RECORDS SUPPLIED:
>>>>
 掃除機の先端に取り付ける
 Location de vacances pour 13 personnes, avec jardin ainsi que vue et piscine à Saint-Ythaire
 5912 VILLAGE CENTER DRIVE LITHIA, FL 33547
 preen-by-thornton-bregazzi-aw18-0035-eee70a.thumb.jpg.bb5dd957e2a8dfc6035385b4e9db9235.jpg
<<<<
>>>>
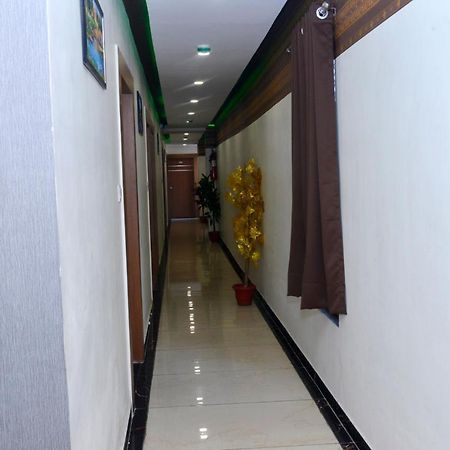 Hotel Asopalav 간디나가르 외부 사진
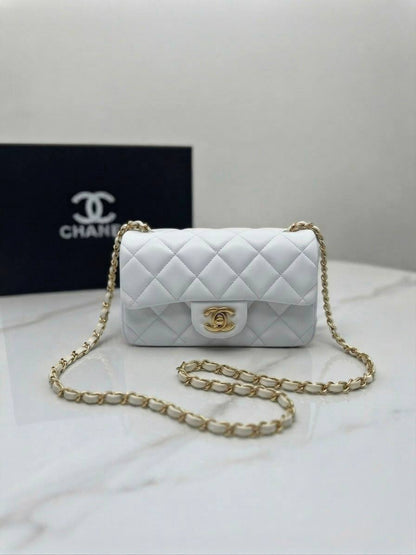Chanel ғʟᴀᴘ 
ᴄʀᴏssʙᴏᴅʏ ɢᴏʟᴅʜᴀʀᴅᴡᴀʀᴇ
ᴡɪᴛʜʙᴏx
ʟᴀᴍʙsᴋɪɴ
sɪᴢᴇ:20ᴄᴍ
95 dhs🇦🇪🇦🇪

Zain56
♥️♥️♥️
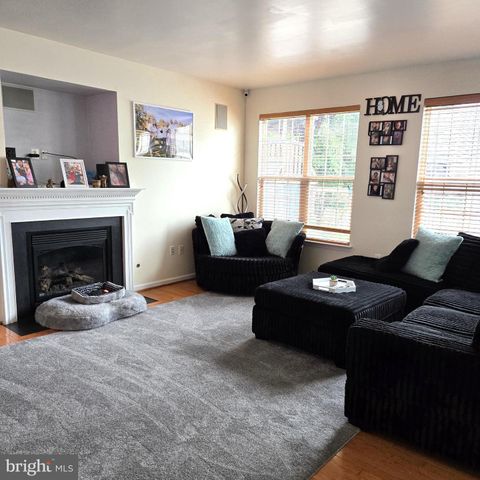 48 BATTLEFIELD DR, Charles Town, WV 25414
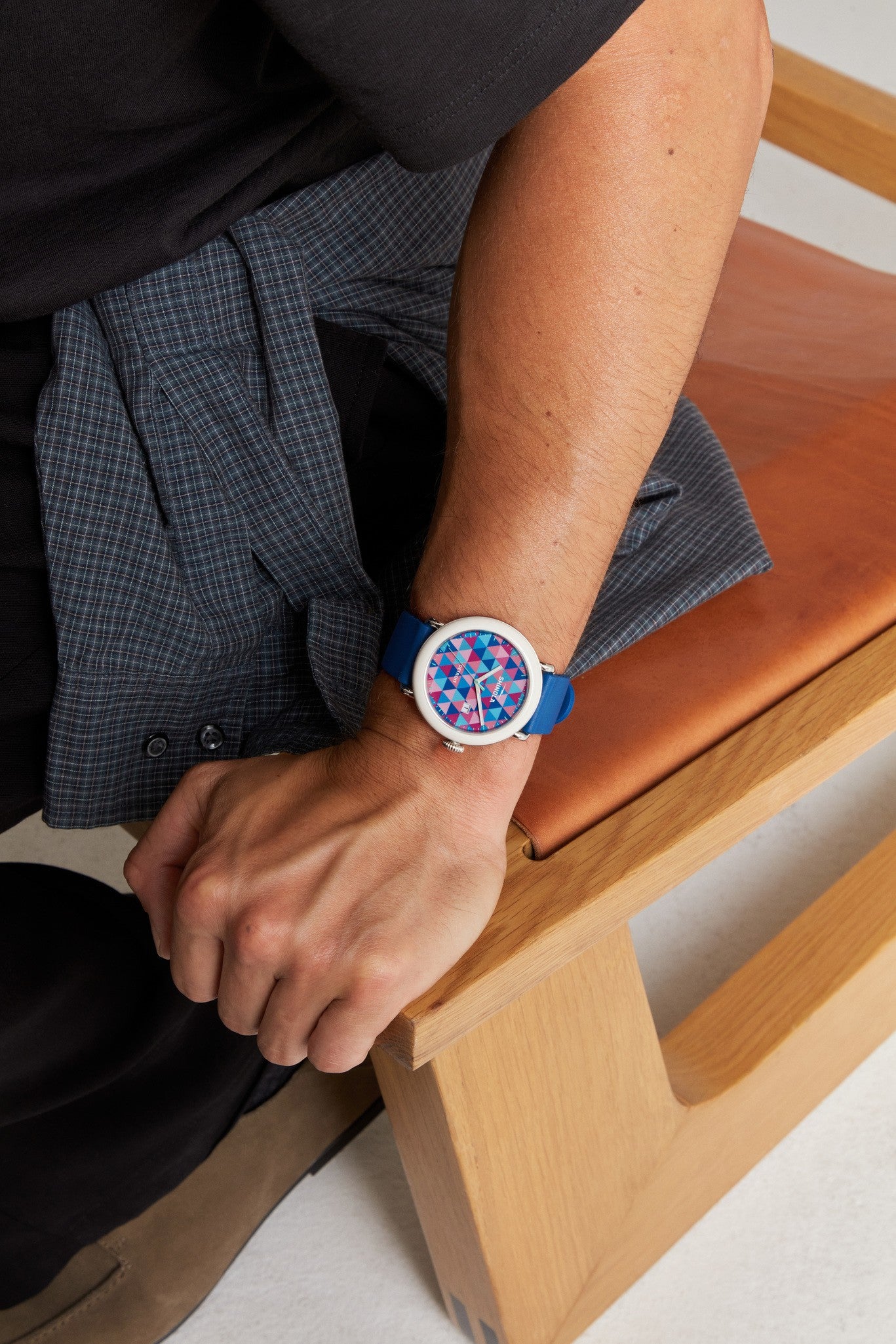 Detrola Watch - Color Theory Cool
<<<<
>>>>
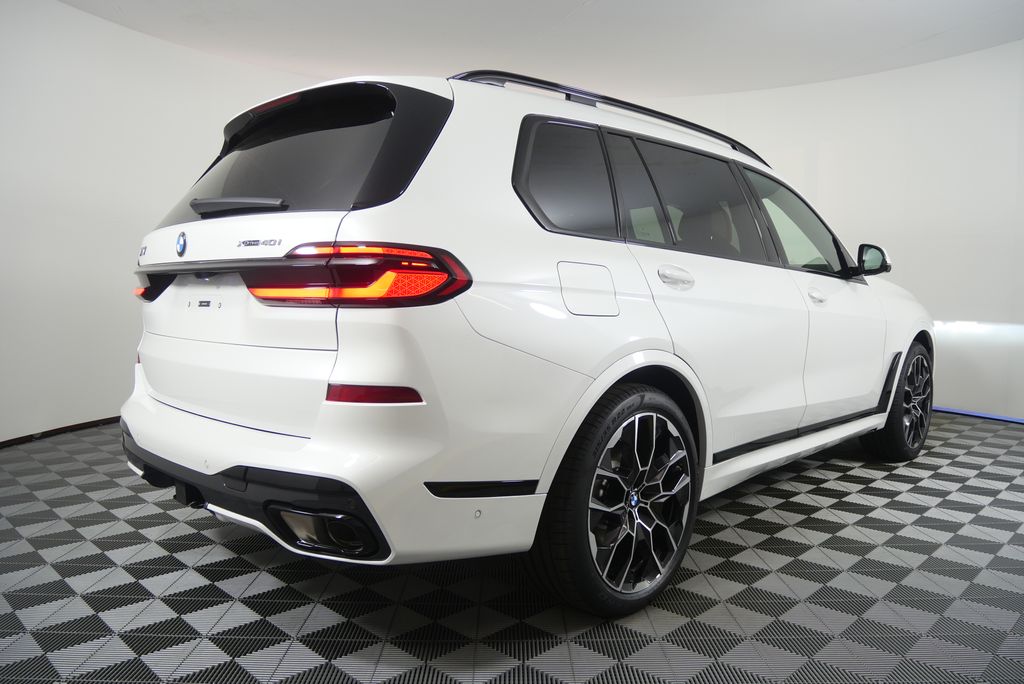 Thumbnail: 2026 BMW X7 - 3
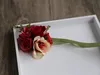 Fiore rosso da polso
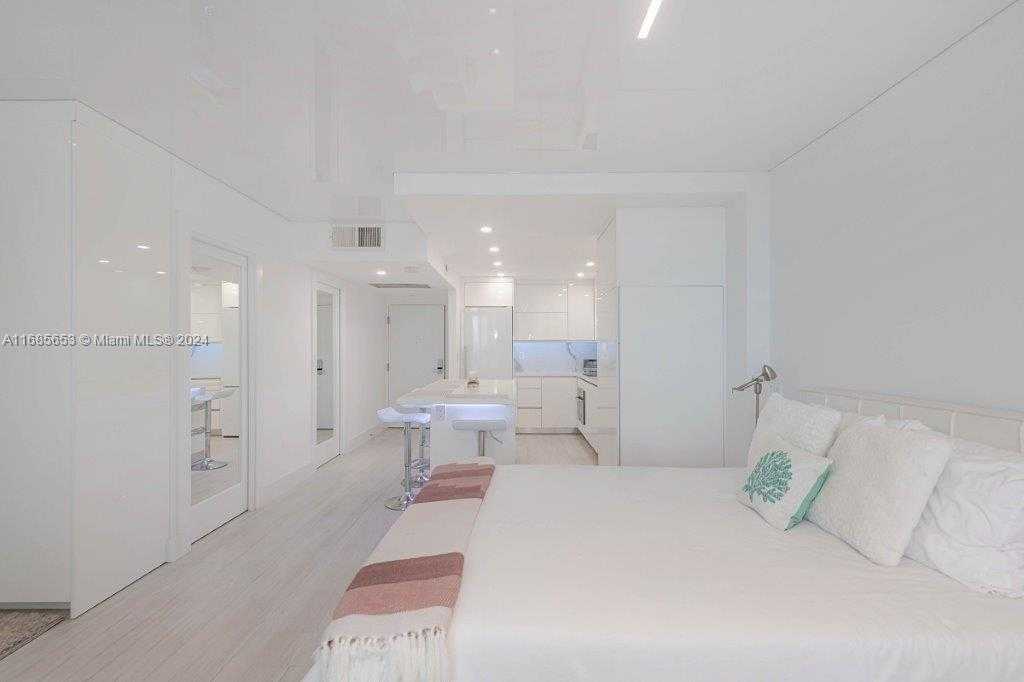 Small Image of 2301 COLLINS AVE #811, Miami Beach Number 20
<<<<
WHAT THE TASK ASKS:
Copy the lines above exactly, starting at the one with "Fiore rosso da polso" and ending at the one with "Small Image of", both included. Leave out any pictures and add nothing else.

YOUR RESPONSE:
 Fiore rosso da polso
 Small Image of 2301 COLLINS AVE #811, Miami Beach Number 20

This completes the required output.